CIA Involved in Climate Change Scandal
BY Herschel Smith13 years, 11 months ago
So you say that anthropogenic global warming (AGW) has become a joke?
With United Nations climate negotiators facing an uphill battle to advance their goal of reducing emissions linked to global warming, it’s no surprise that the woman steering the talks appealed to a Mayan goddess Monday.
Christiana Figueres, executive secretary of the U.N. Framework Convention on Climate Change, invoked the ancient jaguar goddess Ixchel in her opening statement to delegates gathered in Cancun, Mexico, noting that Ixchel was not only goddess of the moon, but also “the goddess of reason, creativity and weaving. May she inspire you — because today, you are gathered in Cancun to weave together the elements of a solid response to climate change, using both reason and creativity as your tools.”
She called for “a balanced outcome” which would marry financial and emissions commitments from industrialized countries aimed at combating climate change with “the understanding of fairness that will guide long-term mitigation efforts.”
“Excellencies, the goddess Ixchel would probably tell you that a tapestry is the result of the skilful interlacing of many threads,” said Figueres, who hails from Costa Rica and started her greetings in Spanish before switching to English. “I am convinced that 20 years from now, we will admire the policy tapestry that you have woven together and think back fondly to Cancun and the inspiration of Ixchel.”
One would think that the revelations about the shysters at the University of East Anglia would have at least held the hoax in abatement or slowed it a little. Not if the CIA has anything to do with it.
Hidden behind the save-the-world rhetoric of the global climate change negotiations lies the mucky realpolitik: money and threats buy political support; spying and cyberwarfare are used to seek out leverage.

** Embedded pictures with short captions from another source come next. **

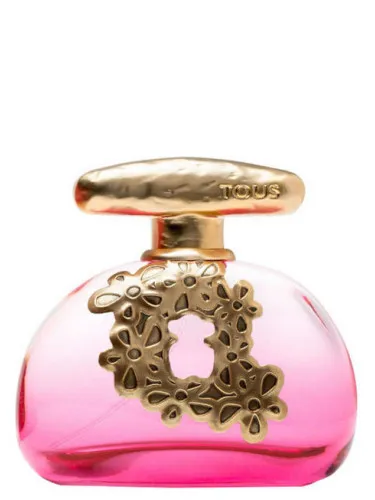 Imagen de Floral Touch
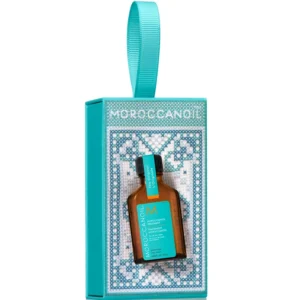 Moroccanoil Stocking Stuffer Treatment Regular Kit 25 ml (Limited Edition)
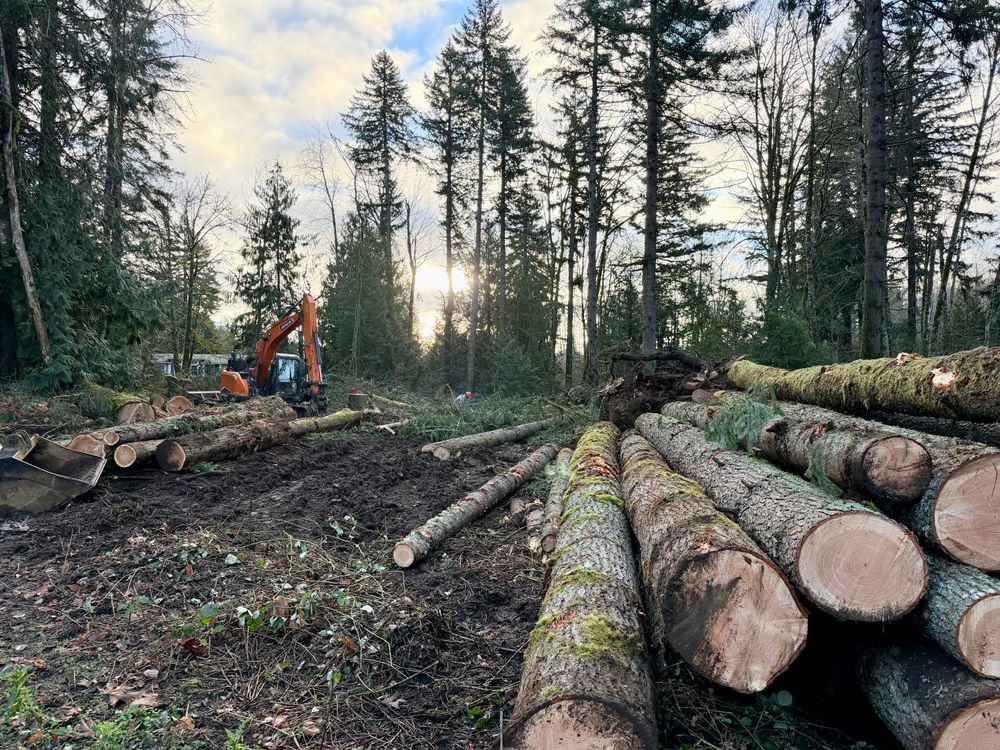 All Photos for DCX LLC in Gresham, OR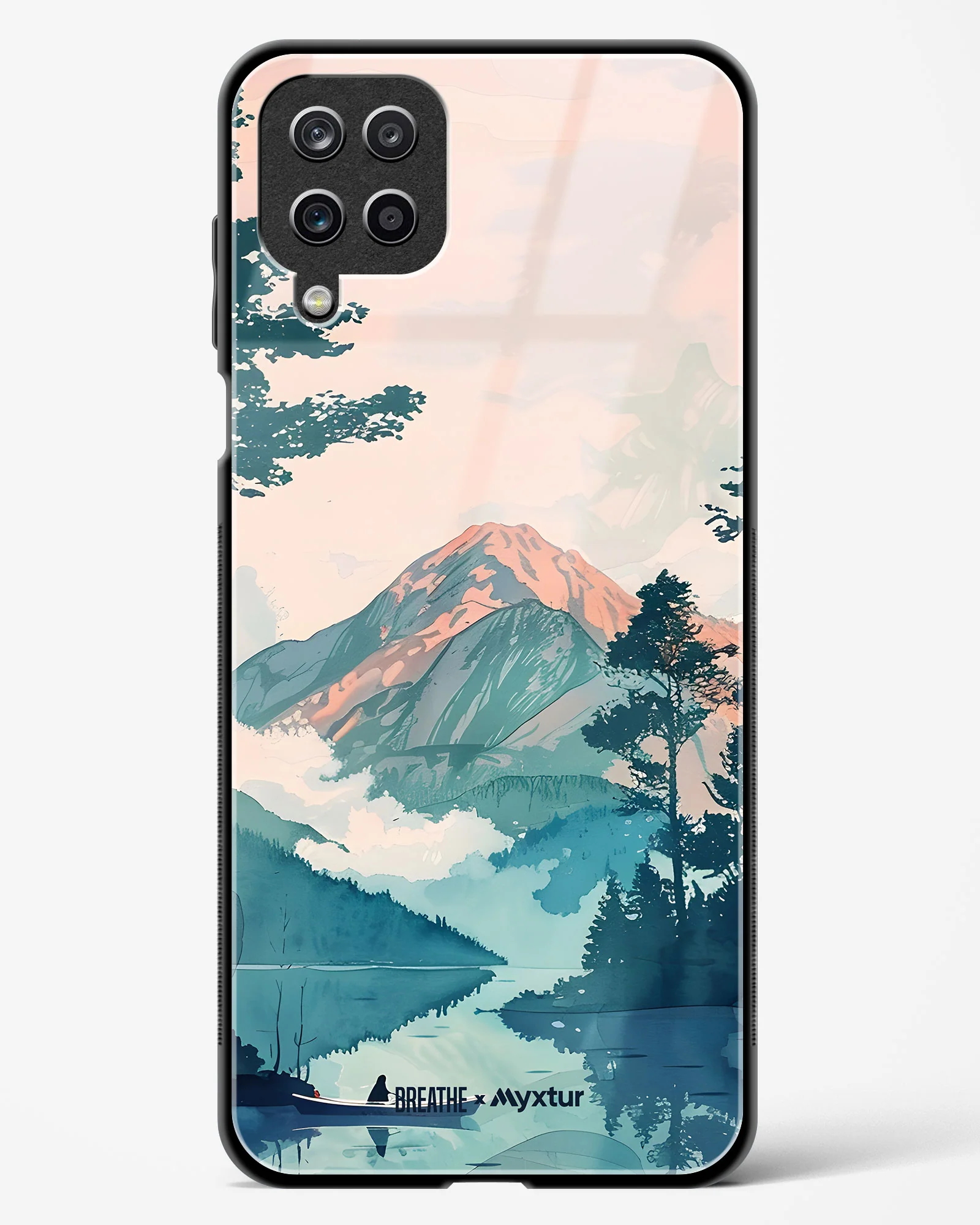 Product image 149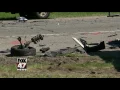 Police release names of 2 killed in US 23 crash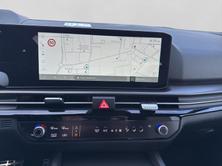 KIA Sportage 1.6 T-GDi Hybrid GT-Line, Full-Hybrid Petrol/Electric, Ex-demonstrator, Automatic - 5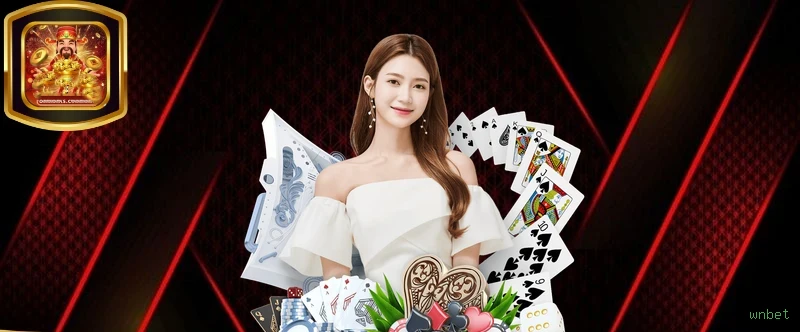Cashback VIP wnbet - reembolso semanal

The US diplomatic cables reveal how the US seeks dirt on nations opposed to its approach to tackling global warming; how financial and other aid is used by countries to gain political backing; how distrust, broken promises and creative accounting dog negotiations; and how the US mounted a secret global diplomatic offensive to overwhelm opposition to the controversial “Copenhagen accord”, the unofficial document that emerged from the ruins of the Copenhagen climate change summit in 2009.

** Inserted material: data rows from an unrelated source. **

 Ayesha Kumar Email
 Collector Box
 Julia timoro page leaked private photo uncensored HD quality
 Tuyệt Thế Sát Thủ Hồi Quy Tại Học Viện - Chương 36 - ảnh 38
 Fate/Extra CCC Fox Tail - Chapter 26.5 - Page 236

Negotiating a climate treaty is a high-stakes game, not just because of the danger warming poses to civilisation but also because re-engineering the global economy to a low-carbon model will see the flow of billions of dollars redirected.
Seeking negotiating chips, the US state department sent a secret cable on 31 July 2009 seeking human intelligence from UN diplomats across a range of issues, including climate change. The request originated with the CIA. As well as countries’ negotiating positions for Copenhagen, diplomats were asked to provide evidence of UN environmental “treaty circumvention” and deals between nations.

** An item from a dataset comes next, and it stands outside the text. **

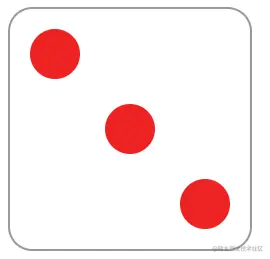 1643247209222.png
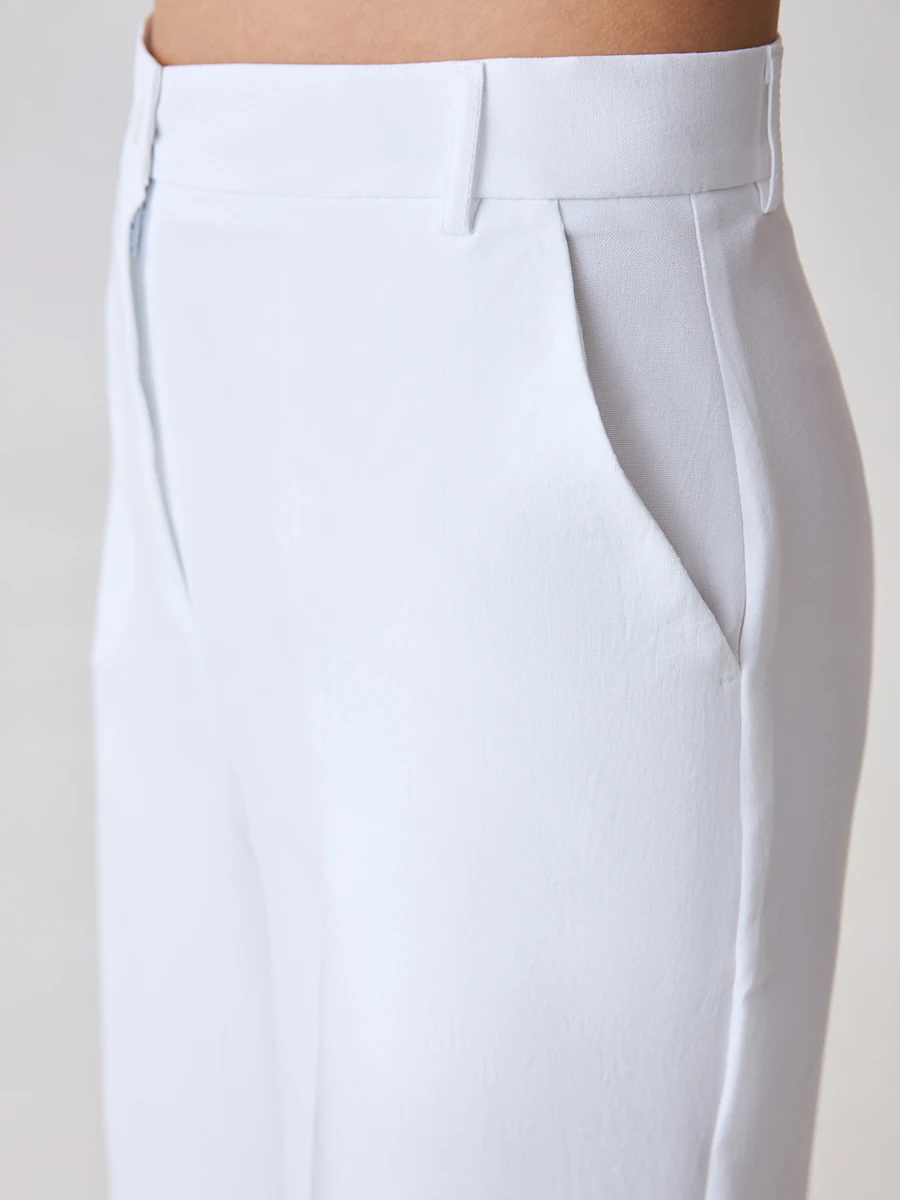 00.894.5726.006.2 Брюки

Rather than seeking out ways to effect regime change in Iran, the CIA is spending time on AGW. Is it even possible at this point to rebuild the edifice of national intelligence that has been dismantled over the last three administrations? Is it too far gone at this point? Have we lost entirely the capability to do covert information gathering and warfare in our focus on things like AGW and … ahem … [wink] … domestic extremists?